On 9/15/2015 2:56 PM, Bill wrote:
> Greg Guarino wrote:
>
>> On 9/14/2015 3:48 PM, Bill wrote:
>>> Consider the following, "Today's scientists have substituted mathematics
>>> for experiments, and they wander off through equation after equation, and
>>> eventually build a structure which has no relation to reality." (Nikola
>>> Tesla)
>>
>> On the Wiki page for "Black Hole" there is a history of the concept,
>> starting as far back as 1783. Much of the theoretical work was done
>> during Tesla's lifetime, perhaps by the very people Tesla refers to;
>> long before any empirical observations were made.
>>
>> Sometimes purely theoretical mathematically-derived entities prove to be
>> real, bearing fruit often enough to make the work worth undertaking.
Any actual comment about the above? It seems to me that Tesla was wrong;
mathematical manipulation can indeed lead us to discoveries we might be
unlikely to make, or make as quickly, without it.
> I've been forming the opinion that even our best efforts miss the point. The
> more I participate in this newsgroup, the more convincing this opinion
> becomes.
> Even with all the noisy objections about some of my observations, those
> observations remain persuasive because they are about meaning and not just
> mindless clockworks.
You seem to think that reality is incompatible with "meaning". I'm a
son, a brother, a husband, a father, an uncle, a cousin and a friend.

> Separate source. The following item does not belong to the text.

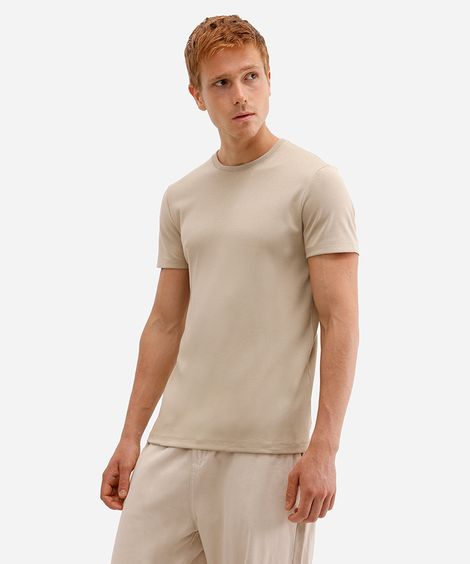 camiseta slim de algodão peruano bold bege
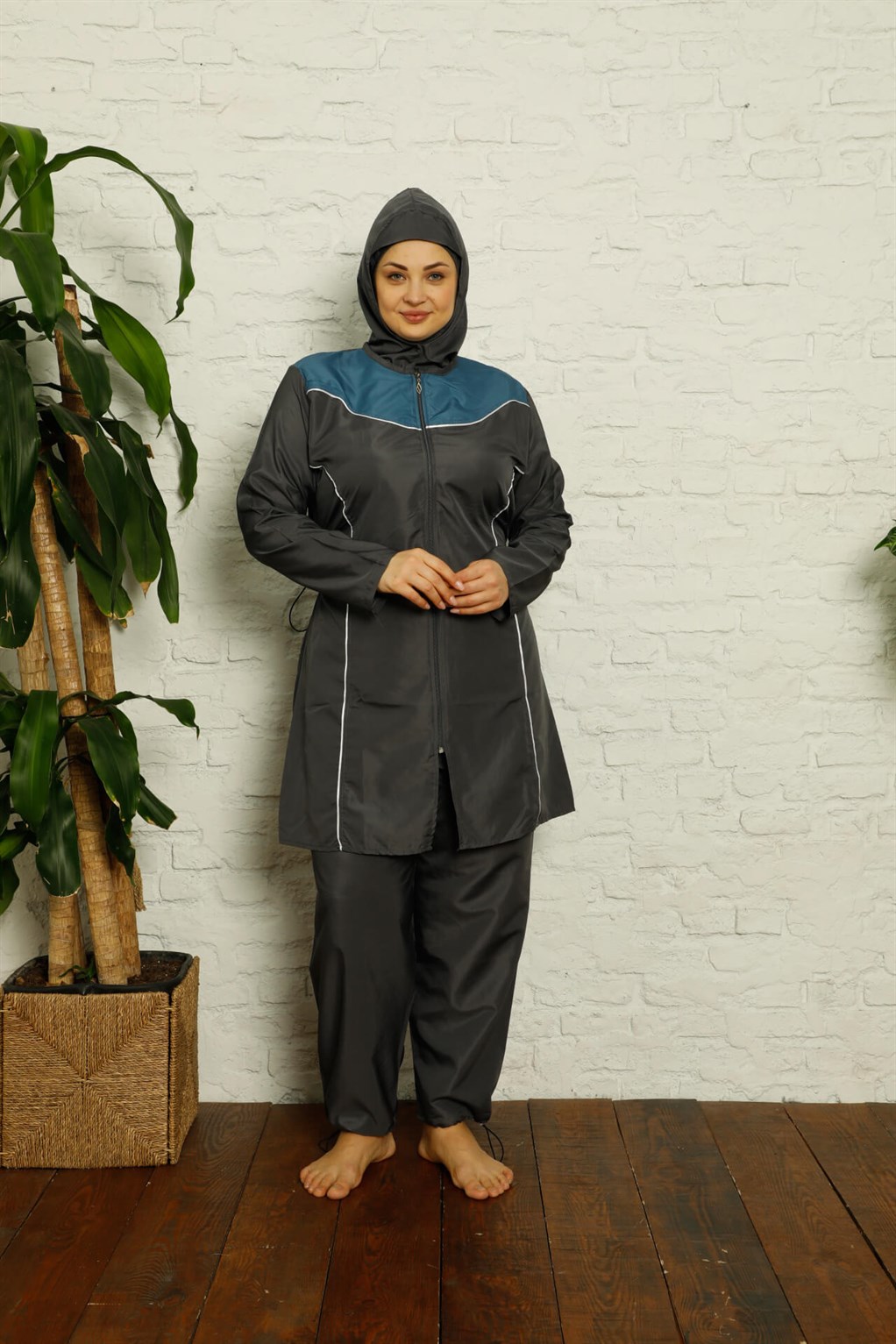 Akbeniz Tam Tesettür Büyük Beden Mayo 32018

Also a musician, a woodworker, a tourist, and a sometime student of
foreign language; also wise, foolish, interested and indifferent.
Whether or not there's something beyond our daily existence, rest
assured that I find no lack of "meaning".
And I am also the descendant of billions of years of life on Earth, a
relative to every life form. I react to that fact with wonder, not
disappointment. Whatever meaning there is must incorporate that as well.
> There is much more to the universe than just the
> configurations of its constituent parts. The physical stuff seems to be the
> means by which other stuff emerges and it's this emergent stuff that really
> matters.
Some people find all that physical stuff fascinating, not to mention
useful. But beyond that, you seem to think we can more effectively
divine the meaning of the universe if we ignore ... well ... the universe.
>
> I've offered the existence of intelligent observers as the most obvious
> example. Is it really just an accident, little particles that cohere through
> random collisions into conscious entities?
Here's one of your problems. I have no idea if there is some
"intelligence" or "plan" behind the universe. Maybe, maybe not. I rather
suspect that whatever the ultimate "why" turns out to be, it will be
nothing like any human being has imagined.
But some things we can know something about. Intent or not, plan or not,
creator or not, life on earth is related. It has evolved and diverged
from a pool of early ancestors. So if there is a "plan", then the
evolution of life is part of it. Your problem is that you limit the
"plans" that are acceptable.
> There's a huge gap between what
> we can expect from dead matter and what emerges as intelligent observation.
And yet, every intelligent observer we know of appears to be composed of
the same dead matter, operating in exactly the same way that dead matter
operates everywhere else. If there's a plan, that seems to be an
integral part of it.
> Our existence is far more than the sum of the physical parts pointlessly
> bouncing around inside us.
Even if there is "more" (and perhaps especially if there *is* "more"),
what makes the physical stuff pointless? I imagine you believe in a
creator of some kind. Did he create all that stuff merely as a
distraction? Do you really think we study it to our detriment?
> As you point out, ideas exist prior to their realization so that whatever we
> think is more than just our immediate environment. A thousand years ago
> people imagined things that were utterly impossible, things we take for
> granted now. We know that the impossible is a moving target and may not,
> ultimately, apply to anything.
>
> Our current paradigm assumes an entirely mechanistic, wholly materialistic
> answer for every question; the universe is a machine.
Our current paradigm tells us that science can only study material
processes. The ultimate nature of "everything" does not seem to be
within human grasp.
> We know better of
> course but we are trapped by assumptions that force us to reduce reality to
> mechanisms that match our expectations. This paradigm limits what we will
> learn by what we observe, to what we expect to find based on the paradigm
> itself. It really is a trap.
I'll ask again how it is you think you know any of that.
I see an obvious irony. Your overriding thesis has been that scientists
find what they expect to find, evidence notwithstanding. Yet you have
managed to form a firm opinion about science and scientists without
knowing anything about either. You just *know* that it's their
motivations that drive their conclusions, rather than any "evidence",
but don't think it's worth your while to find out what the evidence is.